The purpose of this segment is to share some of our favorite tools for working with data in R. Feel free to integrate these tools into your own workflows and ask your peers for tools they can’t live without either!

here: no more getting lost in file paths

Use this package when… all the time. Make it a part of your regular coding routine. It’s that good.

As we introduced in the previous module, here is an excellent package that’s worth getting to know because it will let you use relative as opposed to absolute pathnames. This will simplify importing and exporting files as well as sharing them with others.

How to install

install.packages("here")

How to use

library(here)
## here() starts at C:/Users/sbrei/Documents/R_Projects/Collabs/BGSS_Retreat_2021
here::here()   # once you call the package with the library(here) call, you can use this function to remind you where your project root begins.
## [1] "C:/Users/sbrei/Documents/R_Projects/Collabs/BGSS_Retreat_2021"
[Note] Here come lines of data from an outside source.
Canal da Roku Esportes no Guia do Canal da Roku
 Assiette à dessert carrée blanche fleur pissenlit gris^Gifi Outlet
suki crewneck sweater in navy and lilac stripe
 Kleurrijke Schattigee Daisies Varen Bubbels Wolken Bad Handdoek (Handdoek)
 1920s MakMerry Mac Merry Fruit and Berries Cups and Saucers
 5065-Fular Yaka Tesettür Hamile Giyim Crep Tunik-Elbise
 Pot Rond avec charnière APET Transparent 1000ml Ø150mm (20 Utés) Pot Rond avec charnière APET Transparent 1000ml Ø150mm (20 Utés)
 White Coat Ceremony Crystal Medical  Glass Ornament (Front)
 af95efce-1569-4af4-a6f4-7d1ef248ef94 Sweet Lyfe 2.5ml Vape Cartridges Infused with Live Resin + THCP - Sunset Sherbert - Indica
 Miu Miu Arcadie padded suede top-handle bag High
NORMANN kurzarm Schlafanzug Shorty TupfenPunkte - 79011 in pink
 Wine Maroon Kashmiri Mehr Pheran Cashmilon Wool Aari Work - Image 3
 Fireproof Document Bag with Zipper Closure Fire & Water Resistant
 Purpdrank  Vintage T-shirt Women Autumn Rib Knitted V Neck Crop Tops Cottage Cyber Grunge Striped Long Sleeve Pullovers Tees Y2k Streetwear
revisit “here” package description

Artwork by Allison Horst. set_wd, be gone!

magrittr: these pipes will make your work flow

Use this package when… you make your code more readable. The magrittr package has a collection of operators called pipes that, as stated on their webpage, work by:

  • "structuring sequences of data operations left-to-right (as opposed to from the inside and out),
  • avoiding nested function calls,
  • minimizing the need for local variables and function definitions, and
  • making it easy to add steps anywhere in the sequence of operations."

How to install

install.packages("magrittr")

How to use

library(magrittr)
library(dplyr) # we'll use some functions from this package to highlight the magrittr pipes

Also load a sample dataset:

starwars <- dplyr::starwars

magrittr has several types of pipes which can all be useful in different contexts. The main pipe is the most common, but the others can be super handy too.

Basic pipe

The basic pipe looks like this: %>%.

We’ll frequently set up our code like this:

new_object <- old_object %>% function()

Add a pipe after each function to connect them into one cohesive operation. What this means is that you’ll take your initial object (the one you want to apply functions to), apply a function to it and which changes it, then take that changed object (you “pipe” it into the next function; it flows into it as the new object to be modified) and apply another function it it, and so on.

Old way, without pipes

We end up having to define three objects.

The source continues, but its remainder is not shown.